Monday, May 13, 2013

Beyond Help

Arguably the single largest complaint or criticism I received about "Enjoy the Decline" was that unless you were a single bachelor under 40 who didn't have kids it wouldn't apply to you.  Of course, this is not true as the book is actually quite family-oriented, so much so I think it would surprise most of my regular readers just how "pro-family" I am in the book.  However, the criticism did highlight an aspect of human psychology that I found interesting, specifically its inability to accept "being totally screwed."

Understand when I say, "being totally screwed" I'm not talking about a temporary condition where after you make a couple course changes and strive a bit you are back on track.  I'm talking about life changing decisions that cripple you in one way or another for the rest or the majority of your life.

So for example, let's say you did some drugs back when you were 14, the cops busted you, and at that moment you said, "Dude, I am so screwed."

Are you really screwed?

Sure enough, though the sinking feeling of panic that set in your heart suggested otherwise, three years later you graduate from high school, go to college, and when you're 29 you laugh at it realizing how inconsequential it was.

Now let's say you're 14 and you get pregnant or impregnate somebody.

OK, NOW YOU'RE SCREWED.

And the reason why is that is at minimum 20 years of your life gone, spent raising your child.

For the most part "severe, life-crippling screwed" comes from having children you can't afford.  Matter of fact, I believe this so much, I believe you should need to have a license before you start spawning children.  However, there are other stupid mistakes you can make that are also life-crippling.

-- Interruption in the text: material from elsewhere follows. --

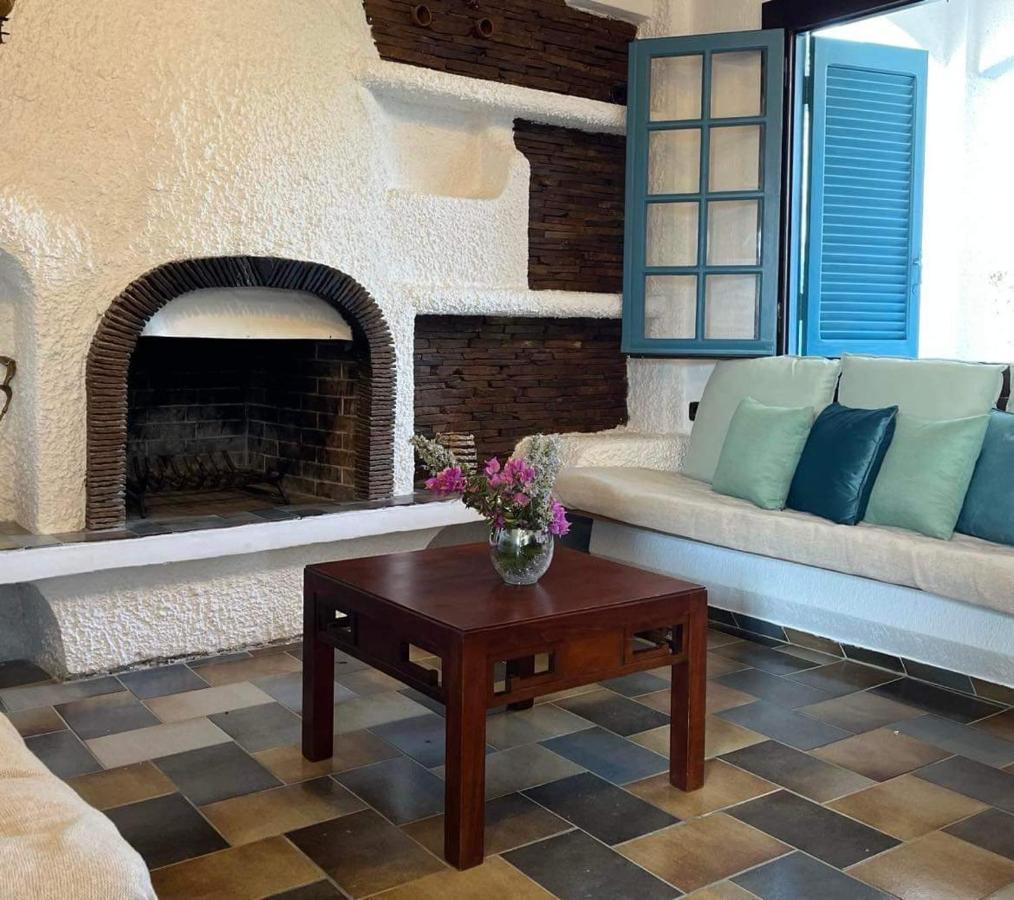 Villa Velissarios: Wonderful Villa Next To Beach Aegina Exterior foto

Majoring in something stupid and going into debt for it.
Buying a house or cars you can't afford.
Racking up credit card debt to the point you have to file for bankruptcy
Marrying somebody who is abusive
etc. etc.

These life-crippling decisions and the consequences of them cannot be overcome in a few short years.  Matter of fact, they are decisions that will punish you for the rest of your life and only until you die will you be relieved of their consequences.

So my question is this:

"What do you want me to do about it?"

Not so much to my critics of "Enjoy the Decline" but to people like this who have obviously screwed over their lives so much there is no hope whatsoever they will ever recover from it, but then complain when society can't bail them out.  By definition being "beyond hope" means NOBODY and NOTHING can help you.  So whether it's a book like "Enjoy the Decline" or all the "moral support" you're going to get from your family and friends, NOTHING is going to unscrew you out of your situation.

In short what I think it is, is the inability of the human brain to accept that it's life is over.  Matter of fact, it's probably even worse.  That it's still going to be alive, but have to suffer a life of strife, agony, suffering and pain and not enjoy the care-free happy life they were expecting.  And when faced with accepting such a prospect, the average human brain simply doesn't.  It denies it's going to have to suffer for the rest of its days and complains about the lack of solutions.  However, it also fails to realize there ARE NO solutions.  The only solution is that they will have to suffer, a prospect political promises backed up by lot of redistributed wealth and borrowed Chinese money has numbed most minds to. 

Regardless, in the end, the solution is very simple - don't make stupid decisions that will cripple you for the rest of your life.  Don't have more kids than you can afford.  Don't major in stupid subjects.  Don't expect government to support you.  Don't have kids when you are a teenager.  And for god's sake, don't complain to me when my book can't work miracles by helping the helpless.